REPUBLIKA.CO.ID, JAKARTA -- Setiap tahun Kementerian Keuangan (Kemenkeu) mengalokasikan Rp 19,6 triliun untuk mengangkat ratusan ribu guru honorer di Indonesia. Padahal, ada target pengangkatan honorer sebanyak satu jura orang lewat Kementerian Pendidikan, Kebudayaan, Riset, dan Teknologi (Kemendikbudristek).
Wakil Ketua Komisi X DPR, Agustina Wilujeng Pramestuti menilai, anggaran yang digelontorkan untuk pengangkatan guru honorer menjadi PPPK itu masih kurang. Apalagi, jika melihat target pengangkatan guru honorer seluruh Indonesia.
Ia menerangkan, setiap kali pengangkatan 100 ribu orang guru honorer, terdapat tambahan anggaran paling tidak sebesar Rp 7 triliun. Tapi, kalau tahun lalu diberi Rp 19,6 triliun, tahun depan seharusnya dapat ditingkatkan anggarannya.

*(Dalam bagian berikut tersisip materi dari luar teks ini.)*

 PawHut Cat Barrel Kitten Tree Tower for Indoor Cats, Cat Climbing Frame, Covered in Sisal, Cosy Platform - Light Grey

Agustina menjabarkan, anggaran yang dialokasikan pemerintah hanya dapat digunakan menggaji guru-guru yang diangkat pada tahun pertama. Sedangkan, untuk guru yang diangkat pada tahun berikutnya belum memiliki alokasi anggaran. "Rp 19,6 triliun saya bilang uangnya tidak cukup, harus lebih banyak lagi," kata Agustina, Senin (20/12/2022).
Ia berpendapat, kurangnya alokasi anggaran itu karena distribusi anggaran dana fungsi pendidikan tidak hanya mengalir ke Kemendikbudristek dan Kemenag. Tapi, tersebar di banyak kementerian-kementerian maupun lembaga-lembaga.
Sebenarnya, lanjut Agustina, ini sudah ingin diatur dalam revisi Undang-Undang Sisdiknas. Tujuannya, agar kembali konsentrasinya untuk PAUD, SD, SMP, SMA dan sekolah reguler S1. Ia melihat, situasi menjadi rumit karena sistem yang lama.
Agustina mengingatkan, sistem pendidikan nasional yang lama itu masih saja diterapkan ketika tantangan sudah jauh ke depan. Ia berpendapat, dalam rangka memperbaiki mutu pendidikan, pemerintah harus menyesuaikan antara sistem dan kebutuhan anggaran.
"Sistem yang dibuat itu bagus sekali, tapi kalau itu diaplikasikan ke seluruh Indonesia, artinya hampir separuh dana pendidikan Rp 610 triliun itu harus diberikan untuk dua kementerian saja, Kemendikbud dan Kemenag," ujar Agustina.
Agustina berpendapat, sistem yang dibuat Menteri Dikbudristek, Nadiem Makarim, sudah sangat bagus. Karenanya, ia mengaku optimistis bila itu direalisasikan, mutu pendidikan Indonesia bisa berkembang dan menyusul negara-negara maju.